One of the most widespread misconceptions about the Second Amendment is that it grants the right to bear arms. In reality, it does nothing of the kind. It merely protects that right. The right to bear arms is considered a natural right, one that is not dependent on the laws or customs of any culture or government. Rights of this kind are also called inalienable or even god given rights, inherent to all persons.
If you read the text of the Bill of Rights, you will find that all of the Amendments are there to protect the individual rights, not to grant them. And, just as critical is who they protect these rights from; the government. The Bill of Rights are not a limitation on what the “people” can do, but on what the government cannot do.
The concept of the protection applying to the “people” is where the Second Amendment is often attacked. Since the prefatory clause says “A well regulated Militia”, it is argued the operative clause protecting the right only applies to the militia. However, as with the rest of the Bill of Rights, the rights protected are all individual – the people – rights.
It is also said that the Founding Fathers could never have foreseen the power of modern weaponry and that they only intended individuals to own muskets for hunting. In reality, muskets were the modern ‘weapons of war’ issued to the military and far more advanced firearms were already available. And just as our First Amendment protected rights today are not limited to what is expressed with a quill and inkwell or a hand-operated press, the Second Amendment is not limited to what was available at the time it was written.
My argument for the Second Amendment in modern times centers on the context of when it was written. Otherwise known as originalism or textualism, it is that the interpretation should be based on what the common understanding of the text to be at the time it was written. Naturally this view is hotly debated. Judges, lawyers, politicians, professors, legal scholars and even our own Supreme Court are not united on this view, much less how the Second Amendment protections should be applied.
I at least choose to believe the Founding Father’s vision for the nation and that for over 225 years, the Second Amendment protection of the right to bear arms, whether or not formally recognized by a court ruling, has applied to the individual, to the people.

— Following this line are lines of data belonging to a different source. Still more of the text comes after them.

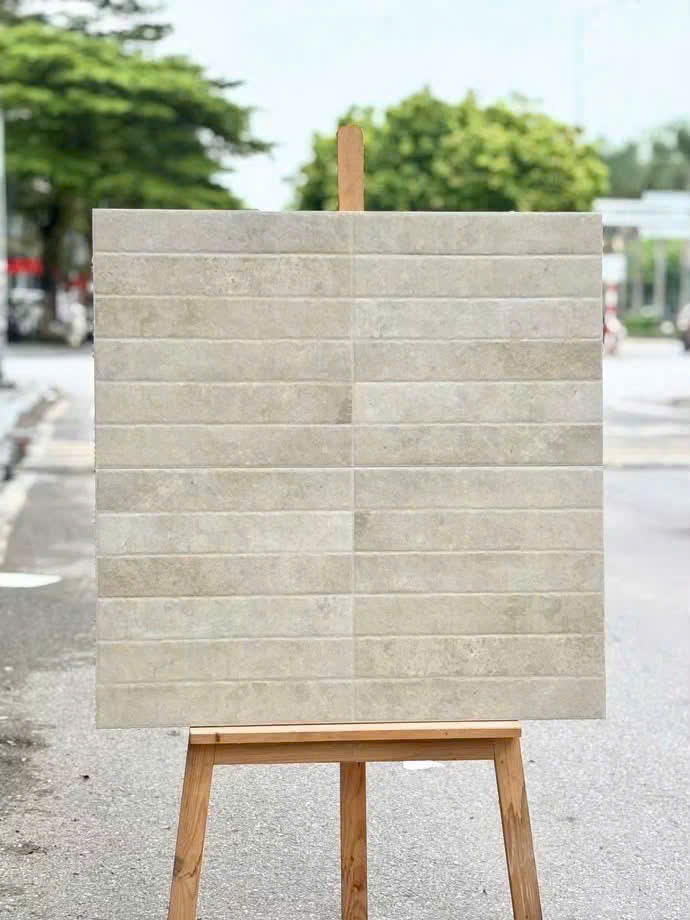 Gạch Ốp Lát 40x80cm Trung Quốc M831
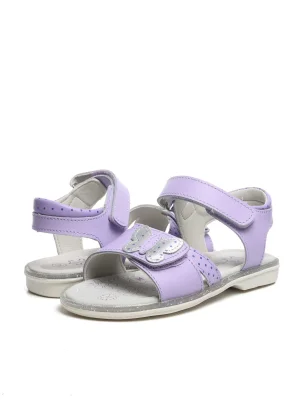 იასამნისფერი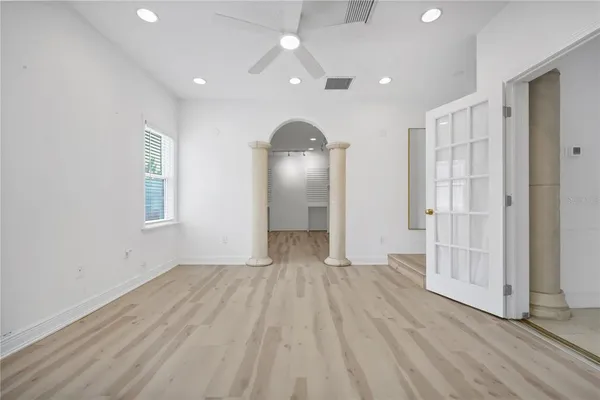 $999,999 | 19 West Princeton Street, Orlando, FL 32804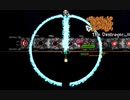 【Terraria縛りプレイ】Terraria meet Dungeon Defenders Ⅱ【ゆっくり＆あかり実況】Part9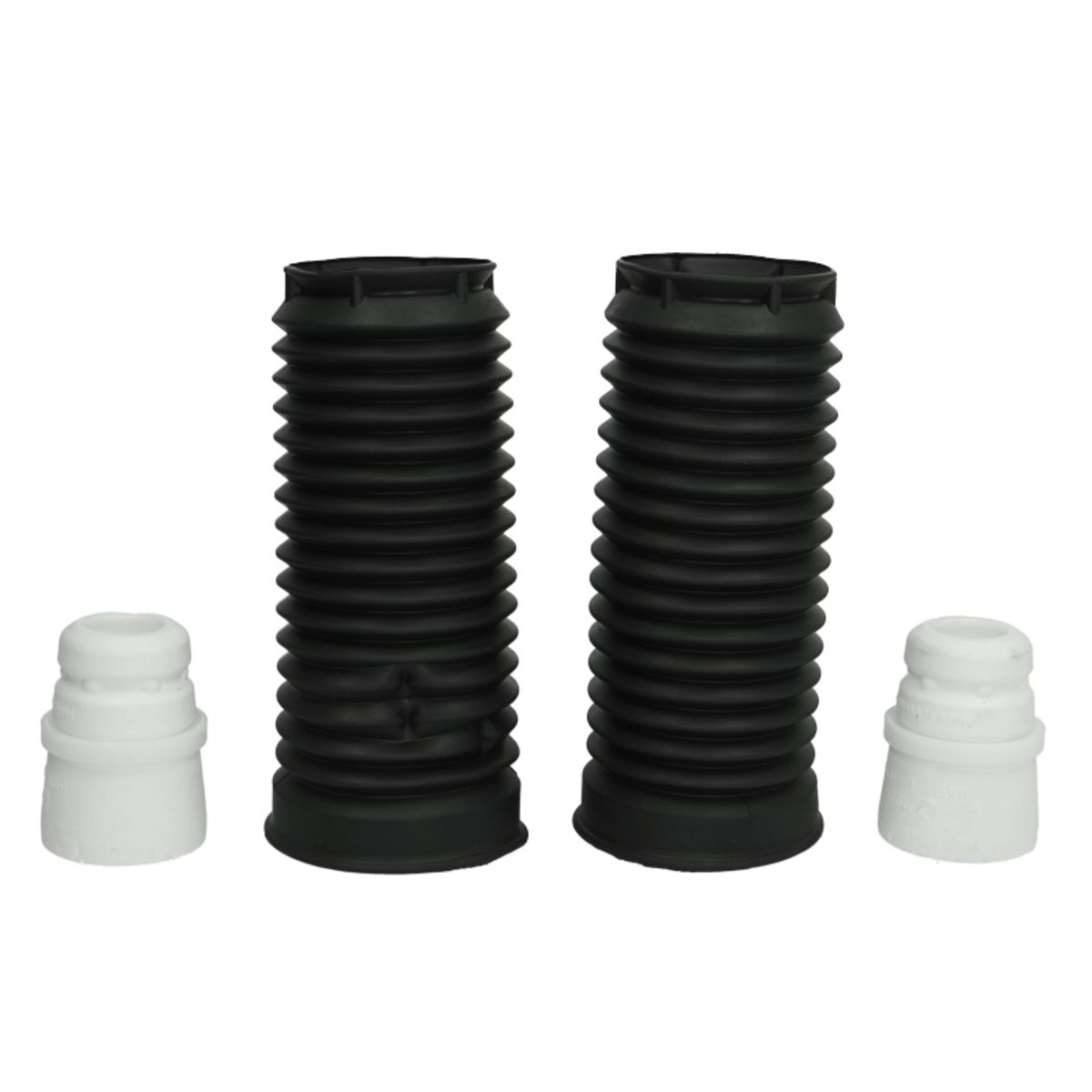 Kyb Stofkap, schokdemper Protection Kit  910158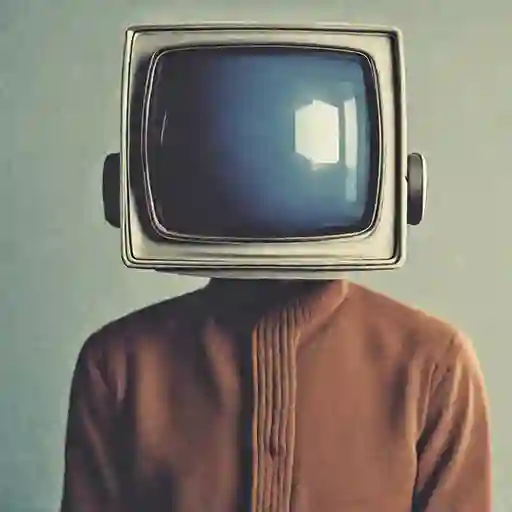 inscription bcf61750446239408d3ffcc591b06ea616e8a8b30aafe53f9813983f819b7457i0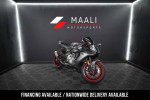 2016 Yamaha YZF-R1 - Warranty / Financing Available!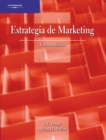 Image for Estrategia de marketing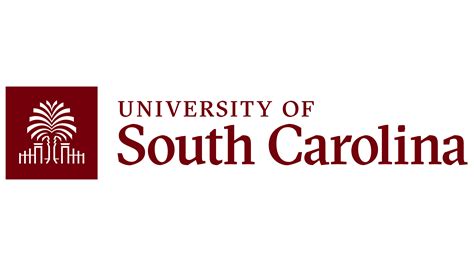 University of South Carolina Logo, symbol, meaning, history, PNG, brand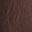 Laine Mary Jane Pump Brown Leather view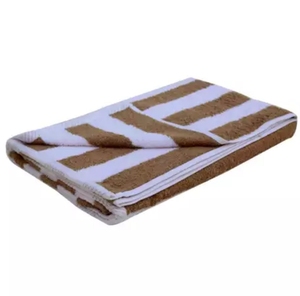 Custom Design 100% Cotton Hotel Home Bath <b>Towel</b> Highly Absorbent Maximum Softness Adults Bangladesh China Plain Print - Product Image 6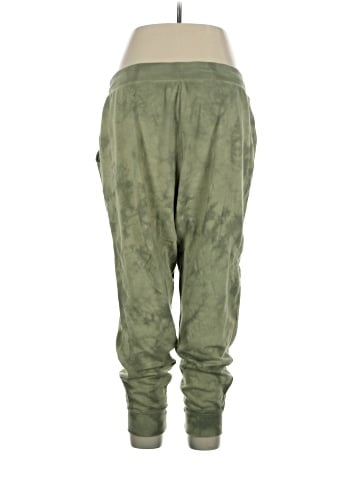 Old Navy Casual Pants (view 2)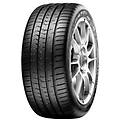 ultrac satin xl 225/55 r17 101 w extraload 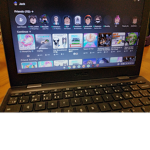 Laptop best group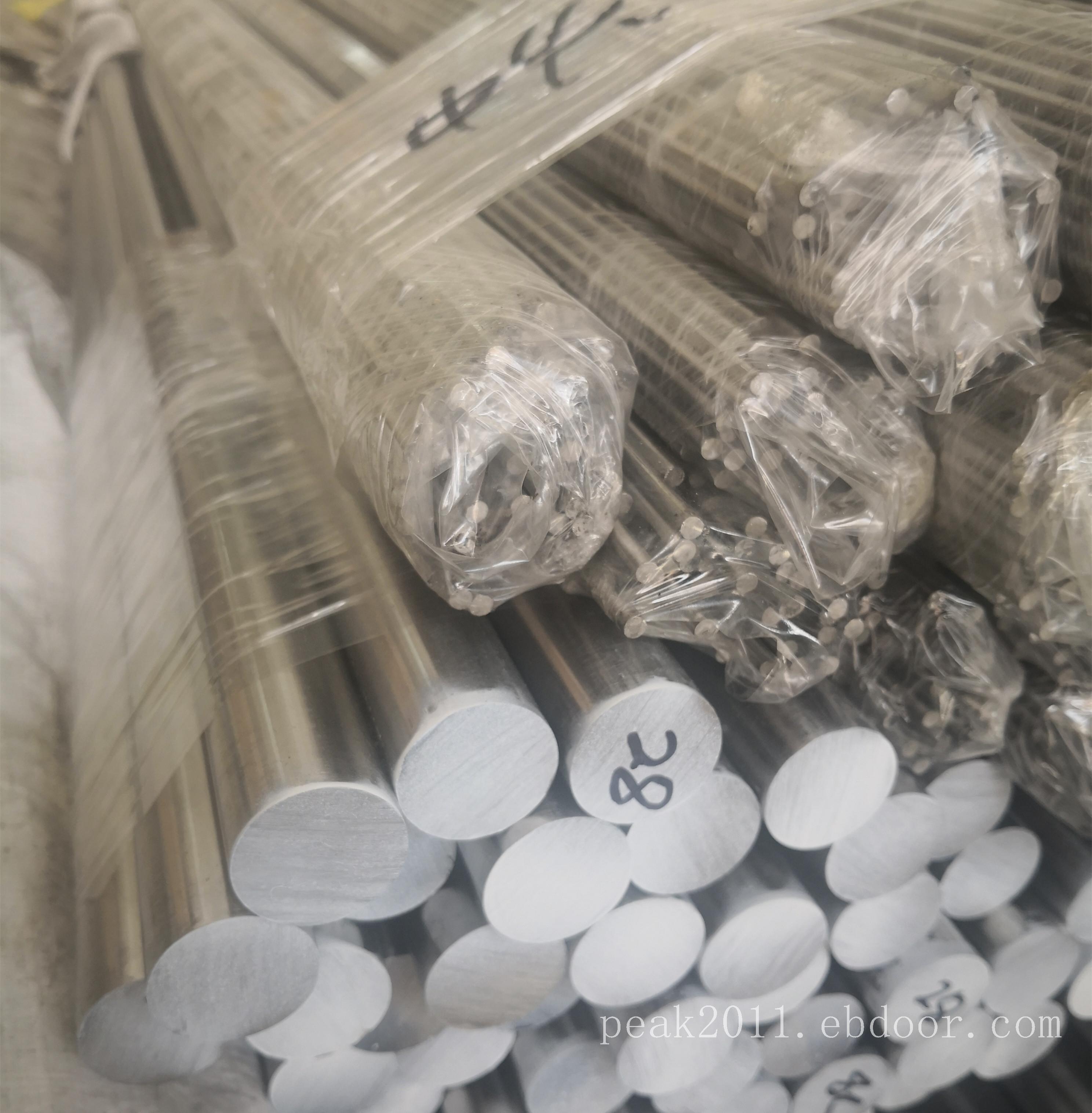 供应20Cr  30Cr结构钢圆棒，机械用钢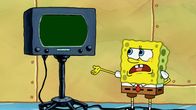 SpongeBob Schwammkopf – SpongeBob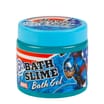 Marvel Captain America Bath Slime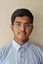 Darsh Jain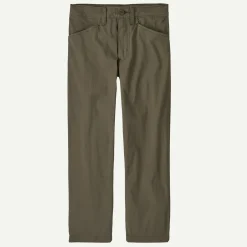 Kids' Nomader Pants
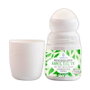 ESENTIAL AROMS Déodorant Roll-on Arbre à Thé 50ml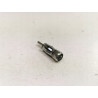 ZŁĄCZKA, ADAPTER ANTENY PSA CITROEN PEUGEOT OE 9706 63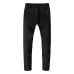 AMIRI Jeans for Men #999919728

The debate and the struggle over the Second Amendment will likely go on long after I am dead and buried. I don’t necessarily see that as a bad thing. As each new generation comes forward, it’s important to have a contemporary recap of the principles that brought us to this point as well as a reminder of how protecting these rights is essential in modern society.
We cannot take for granted the rights that our ancestors fought and died for. We cannot let our rights be stripped away by politically correct thinking or by the elite who are willing to sacrifice the populous so that they can have more power and control. We cannot let our lives or the lives of our families to be offered up to those who would do us harm without a fight.
This is why I fight for those twenty-seven words of freedom known as the Second Amendment.